Bitcoin, a więc najbardziej popularna kryptowaluta, jest nierozróżnialna. Jeśli ja pożyczę ci jednego bitcoina to nie ma dla mnie znaczenia, czy zwrócisz mi dokładnie tego samego bitcoina, czy innego. Liczy się to, że to jest jedna jednostka. Tak samo jak w świecie walut fiducjarnych – gdy pożyczasz komuś banknot 50 zł to raczej nie żądasz zwrotu dokładnie tego, konkretnego banknotu. W środkach płatniczych ta jednorodność świetnie się sprawdza. W świecie blockchaina powstało jednak zapotrzebowanie na wymianę aktywów, które są jedyne w swoim rodzaju, czyli odpowiednik monet kolekcjonerskich w świecie realnym czy unikatowych znaczków pocztowych. I to są właśnie tokeny NFT. Każdy taki token jest inny i gdy jego posiadacz komuś go pożyczy, to będzie chciał zwrotu dokładnie tego samego tokena.
Możesz podać przykład praktyczny zastosowania takich tokenów?

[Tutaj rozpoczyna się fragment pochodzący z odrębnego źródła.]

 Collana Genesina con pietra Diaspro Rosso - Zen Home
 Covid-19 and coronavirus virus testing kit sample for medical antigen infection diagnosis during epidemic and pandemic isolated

Warto zwrócić uwagę, że tokeny NFT nie są żadną nowością. Od kilku lat w świecie blockchaina podejmowane są próby tworzenia pewnych kolekcjonerskich zasobów. Mam na myśli karty z wizerunkami znanych postaci, tworzenie unikatowych grafik, którymi można się wymieniać w postaci cyfrowej, a także tworzenie cyfrowej reprezentacji materialnych obiektów, czyli tzw. tokenizowanie przedmiotów, czy też ściślej – przenoszenie na blockchain praw własności do danego przedmiotu. To się może sprawdzać w świecie sztuki, co z resztą już ma zastosowanie chociażby w aukcjach słynnego domu Christie (pracę Mike'a Winkelmann'a „Everydays: the First 5000 Days" zlicytowano za 69 mln USD, red.). Na bazie NFT można robić kluczyki do aut, czy też bilety wstępu na różne imprezy. Ponadto tokeny NFT są wykorzystywane w grach, jako reprezentacje poszczególnych postaci. Tutaj najbardziej popularną grą były pamiętne Crypto Kitties, stworzone na blockchainie Ethereum.